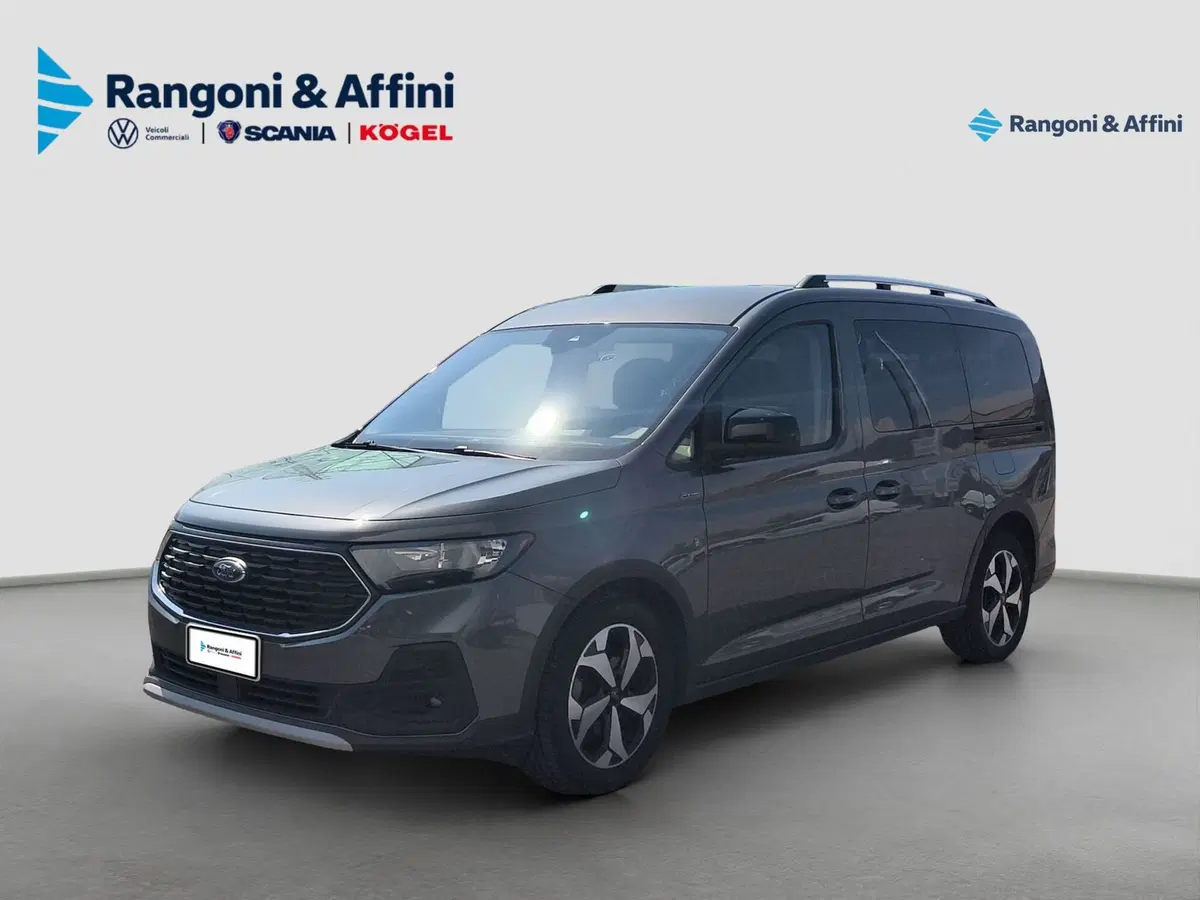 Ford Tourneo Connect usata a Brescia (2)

**********

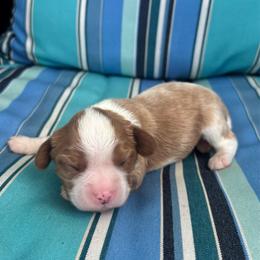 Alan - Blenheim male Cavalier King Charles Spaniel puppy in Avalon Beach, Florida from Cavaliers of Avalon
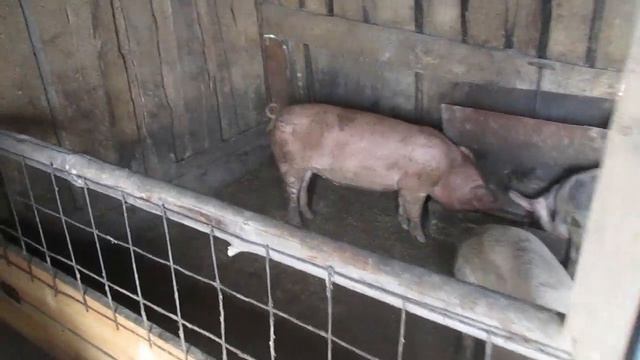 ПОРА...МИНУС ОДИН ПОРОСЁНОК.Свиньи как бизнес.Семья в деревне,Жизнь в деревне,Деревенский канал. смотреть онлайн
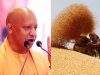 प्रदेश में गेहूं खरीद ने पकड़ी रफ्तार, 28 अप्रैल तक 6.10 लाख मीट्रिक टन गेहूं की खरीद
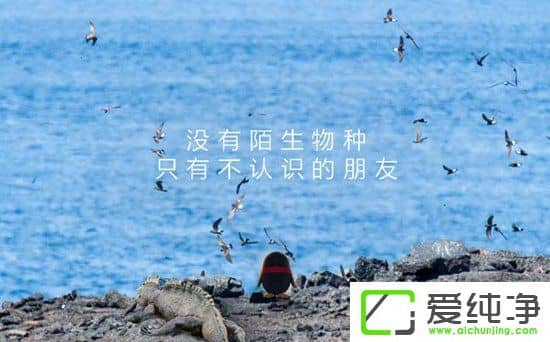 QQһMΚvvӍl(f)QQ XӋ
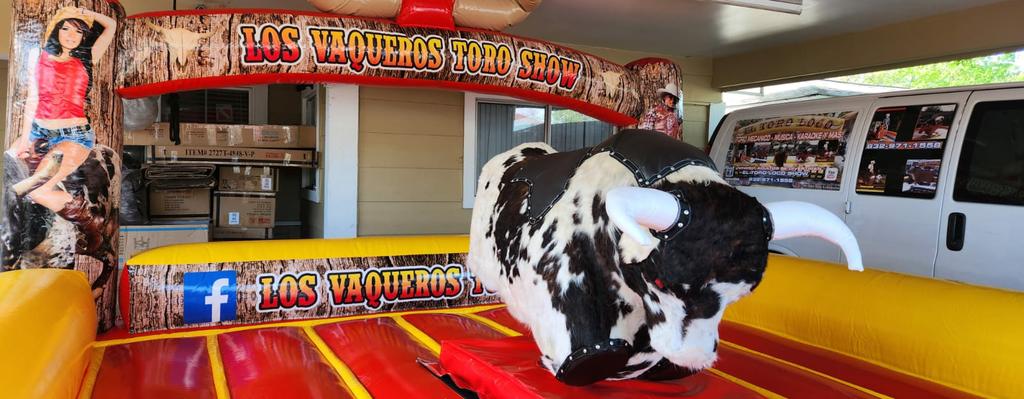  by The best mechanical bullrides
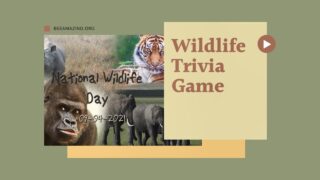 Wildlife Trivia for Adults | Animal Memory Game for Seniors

**********

** EXERCISE BRIEF **
In the data above, retype only the stretch from the line with "प्रदेश में गेहूं" through the line with "Wildlife Trivia for", word for word, and skip any pictures.

** WRITTEN SOLUTION **
 प्रदेश में गेहूं खरीद ने पकड़ी रफ्तार, 28 अप्रैल तक 6.10 लाख मीट्रिक टन गेहूं की खरीद
 QQһMΚvvӍl(f)QQ XӋ
  by The best mechanical bullrides
 Wildlife Trivia for Adults | Animal Memory Game for Seniors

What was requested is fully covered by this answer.